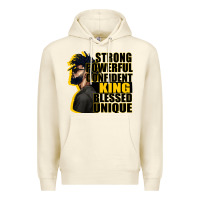 Sandshell strong powerful confident king blessed unique Premium Hoodie - CowGirlArtShop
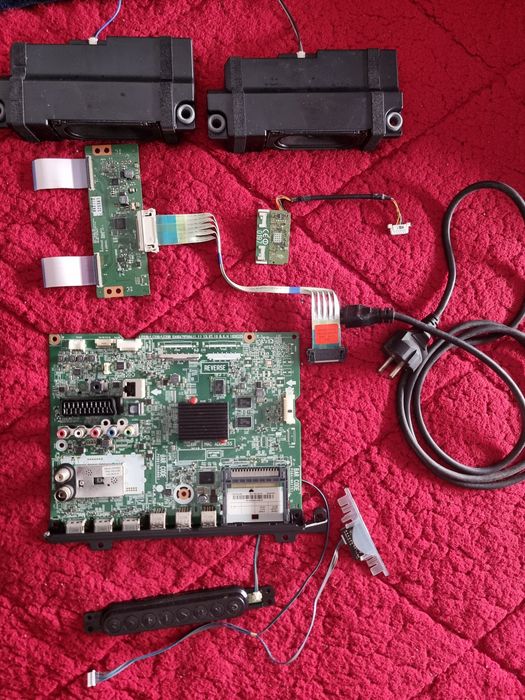 Componentes TV LG 32LN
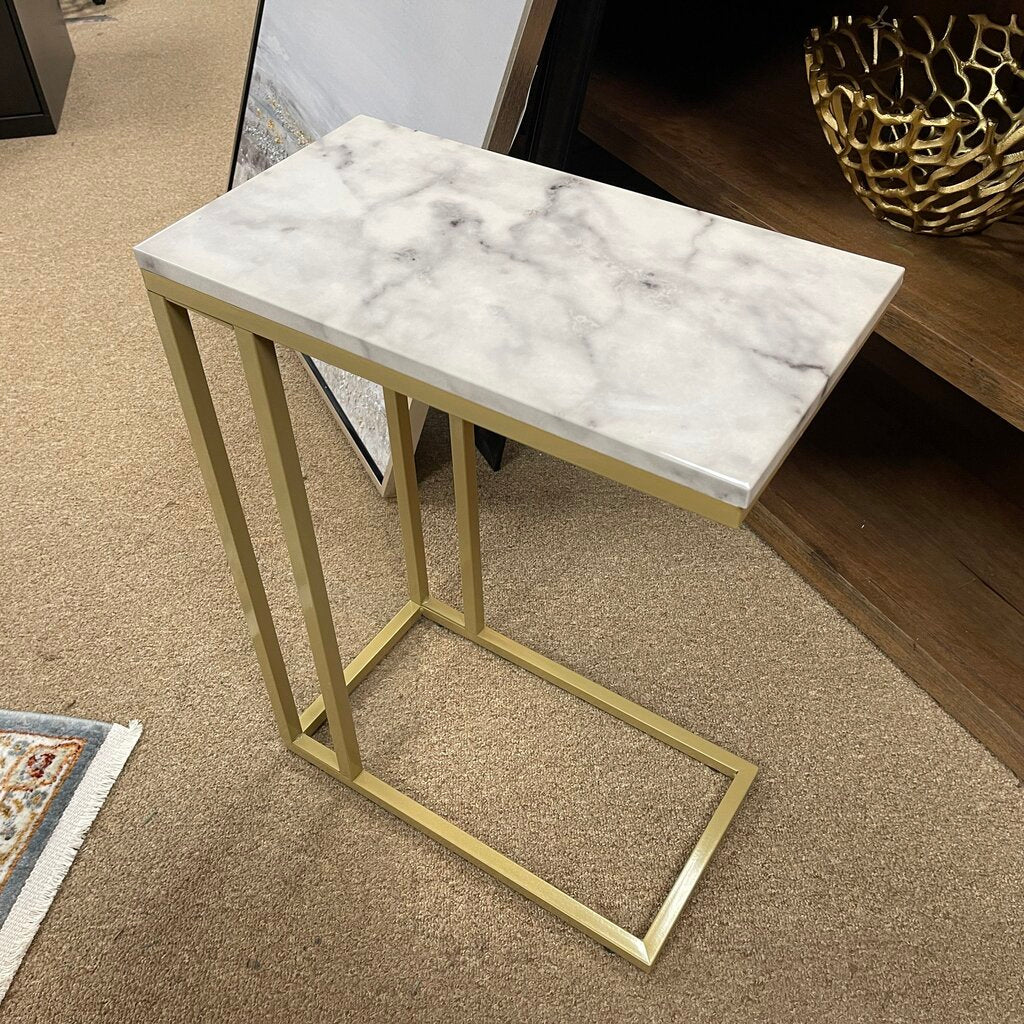Faux Marble C Table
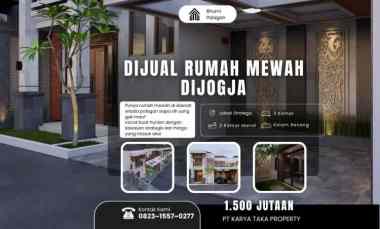 dijual rumah bhumi palagan jl kesatuan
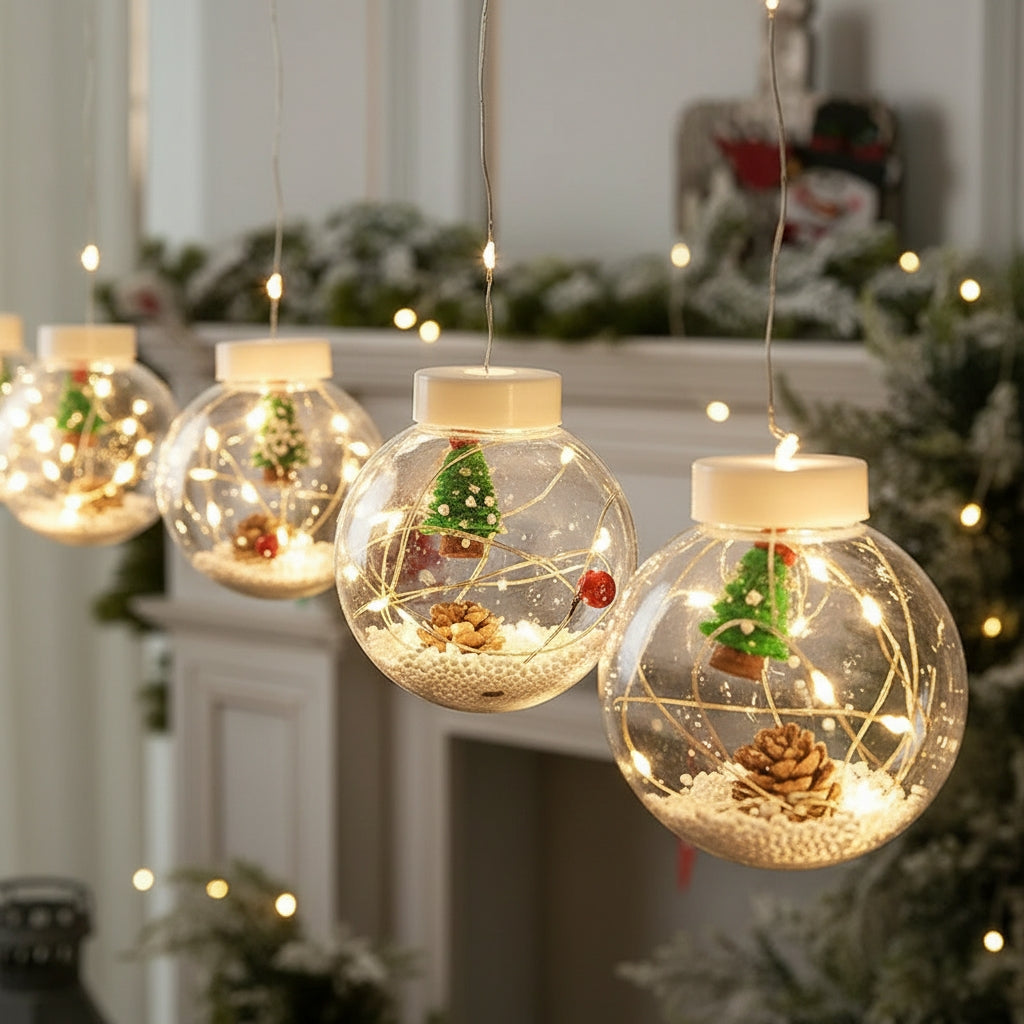 Waterfall String Lights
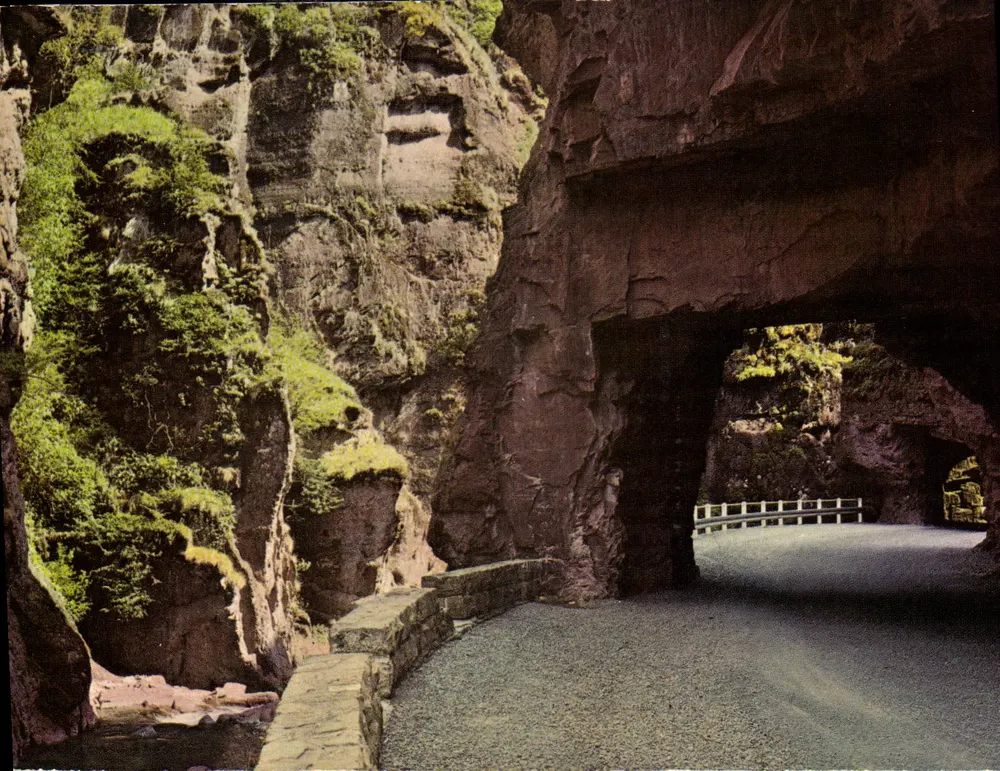 Die Gorges du Cians — Eingang zur Grande Clue — Éditions S.E.P.T. - Vorderseite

------------------------------------

Reproduce every entry above in full and exactly, though not its pictures.

 Sandshell strong powerful confident king blessed unique Premium Hoodie - CowGirlArtShop
 Componentes TV LG 32LN
Faux Marble C Table
 dijual rumah bhumi palagan jl kesatuan
 Waterfall String Lights
 Die Gorges du Cians — Eingang zur Grande Clue — Éditions S.E.P.T. - Vorderseite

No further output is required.